The most pleasing aspect about Armagh’s performance, personified by Campbell, was how the players always had the confidence to mix up their play and not allow the odd misplaced pass to dent their ambition.
It kept an uncomfortable Tyrone defence guessing all afternoon. Would it go wide into the corner, high and direct, or a hard run through the middle? They never knew what was coming and as a result, scoring chances leaked out everywhere, which the Armagh forwards duly capitalised on.
Contrast Armagh’s approach to the slow and predictable play deployed by Monaghan in Castlebar on Saturday evening, where they limped out of Championship 2022 without scarcely laying a glove on a very beatable Mayo side.
I haven’t been slow to shower praise on Monaghan players and management in the past when deserved. The opposite must also apply. The rough goes with the smooth.

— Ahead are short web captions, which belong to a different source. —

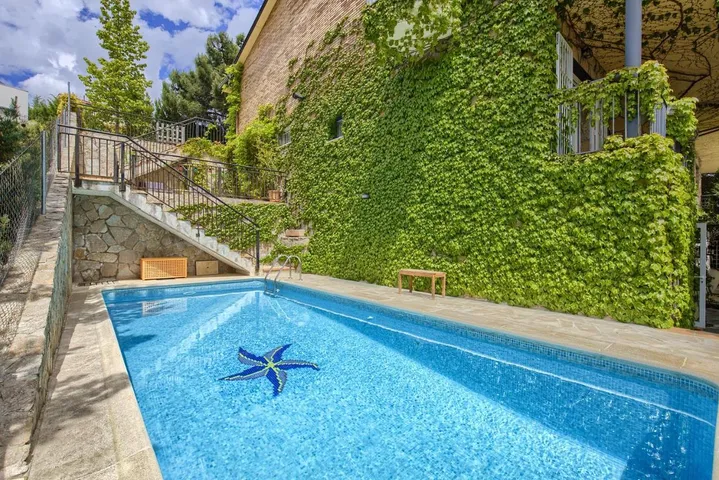 Maison de vacances pour 12 personnes, avec piscine et jardin ainsi que vue et balcon - 1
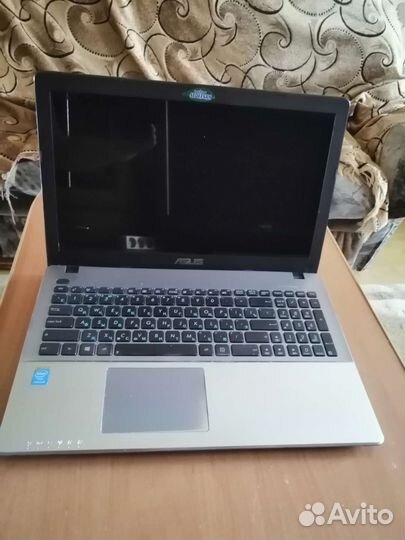 Ноутбук asus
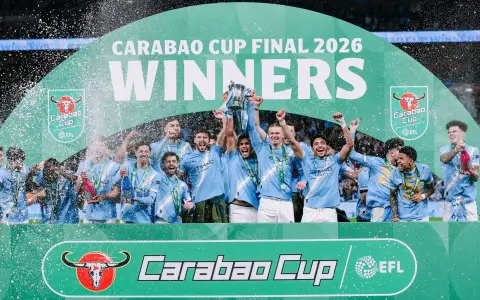 El Manchester City y el trofeo de campeón.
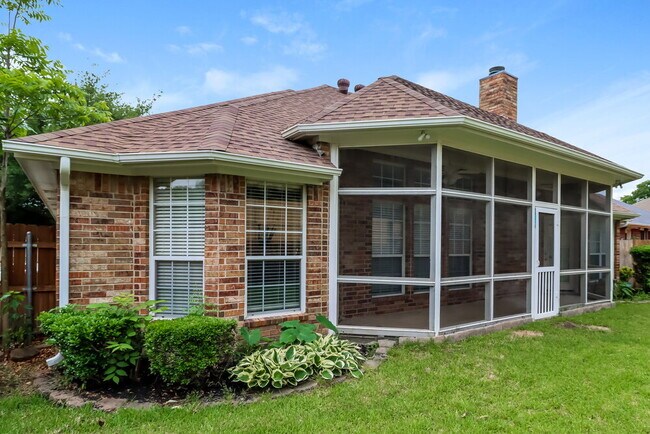 Building Photo - 6211 August Run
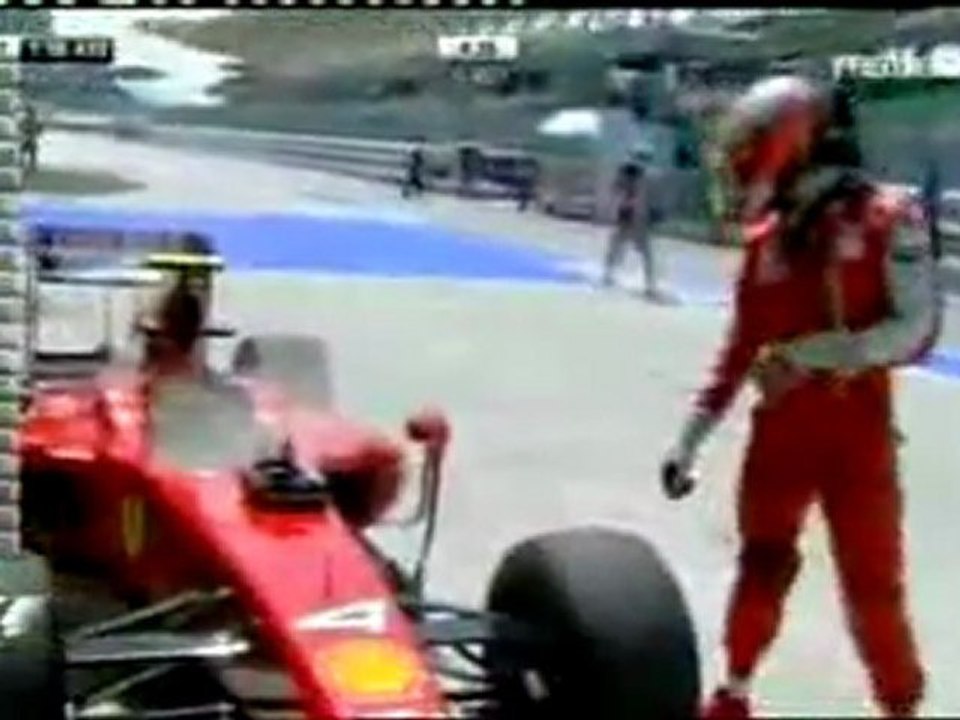 Malaysia 2009 FP1 Kimi Räikkönen KERS overheating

Irrespective of a spring of promise, Monaghan’s report card for 2022 only merits a low grade.
Following their thrilling performance and win over Dublin in Clones, expectations in the county were rightly high. Nowadays, league form often translates into the summer, so on that basis there are serious questions to be asked as to why Monaghan have exited this year’s championship with such poor performances, first against Derry and now Mayo.
The unvarnished facts have proven that Monaghan’s style of play over the past few weeks, not dissimilar to Donegal’s last week, are becoming redundant.
Six goals conceded in three games, including two against a woeful Down team. No goals scored at the other end, and scarcely many more chances created.
While Jack McCarron and Gary Mohan tried as best they could to lead a largely misfiring attacking line, few others stood up to shoulder the scoring burden needed at this level.
With an attacking blade as ultimately blunt as that, Monaghan regretfully have no business going any further in the championship.
In the aftermath of the Mayo defeat, Monaghan manager Séamus McEnaney was typically defiant and deeply critical of referee Barry Cassidy’s decision not to award a last-gasp penalty. In all honesty, it was a convenient distraction from his main concern, which should have been why for a second championship game in succession did his team perform so poorly?
No objective player, manager, coach or supporter could watch back the game and honestly say that Monaghan deserved a result.
Yes, they could have had a penalty in injury time, but it was of the ‘soft’ variety at best. It was only when the game was nearly up that Monaghan showed the required drive and intensity to win a game that, on reflection, was there for the taking. Barry Cassidy can’t be faulted for that.
Any frustration and regret the Monaghan players and management have this morning should be around why they didn’t show similar levels of ambition to Armagh, and have a proper cut at a top-tier side. That, more than any marginal refereeing decision, will hurt the most over the coming weeks and months.
As for Mayo, James Horan will know they have a lot of improving to do, to have any realistic ambitions for the remainder of the summer. Winning playing badly is not a bad trait either, and Monaghan’s overly negative approach arguably brought out the worst in a team that prefer to play in more open exchanges.
Along with Armagh, this morning they will believe they can be the best of the rest in the pack chasing Dublin and Kerry.